En el contexto de este versículo, Pablo está
preocupado porque las personas estaban pensando
«más alto de sí que lo que deben pensar».
Según Pablo la cura para este orgullo es afirmar
que no solo son los dones espirituales la obra
de la gracia libre de Dios, sino que también lo
es la misma fe con la que hacemos uso de
esos dones.
Esto significa que no existe ninguna razón para
jactarnos. ¿Cómo podemos jactarnos si hasta el
requisito necesario para recibir los dones también
es un don?
Esta verdad impacta de manera profunda nuestra
forma de orar. Jesús nos da el ejemplo en
Lucas 22:31-32. Antes de que Pedro lo negara tres
veces, Jesús le dijo: «Simón, Simón, mira que
Satanás os ha reclamado para zarandearos como a
trigo; pero yo he rogado por ti para que tu fe no
falle; y tú, una vez que hayas regresado, fortalece
a tus hermanos».
Jesús ora para que la fe de Pedro fuera sostenida
incluso a través del pecado, porque sabía que es
Dios quien sostiene la fe.

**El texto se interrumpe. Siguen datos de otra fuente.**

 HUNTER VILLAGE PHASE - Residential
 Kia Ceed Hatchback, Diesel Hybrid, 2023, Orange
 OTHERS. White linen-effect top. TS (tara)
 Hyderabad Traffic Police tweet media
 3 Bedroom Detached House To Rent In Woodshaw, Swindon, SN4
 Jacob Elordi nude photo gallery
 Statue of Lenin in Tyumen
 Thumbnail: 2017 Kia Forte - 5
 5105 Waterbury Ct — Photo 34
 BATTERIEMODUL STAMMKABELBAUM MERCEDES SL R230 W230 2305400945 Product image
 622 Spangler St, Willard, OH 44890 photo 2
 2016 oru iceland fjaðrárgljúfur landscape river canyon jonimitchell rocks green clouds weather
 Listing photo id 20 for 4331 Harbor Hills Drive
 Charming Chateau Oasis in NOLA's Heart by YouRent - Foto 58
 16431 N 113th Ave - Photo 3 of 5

Por lo tanto, deberíamos
orar así por nosotros mismos y por los demás.
Por eso es que el padre del muchacho epiléptico
clamó: «Creo; ayúdame en mi incredulidad»
(Marcos 9:24). Esa es una buena oración: reconoce
que sin Dios no podemos creer como debemos creer.
Oremos a diario: «Señor, gracias por mi fe. Sostenla.
Fortalécela. Profundízala. No dejes que me falte.
Hazla el poder de mi vida, para que en todo lo que
yo haga seas glorificado como el gran Dador. Amén».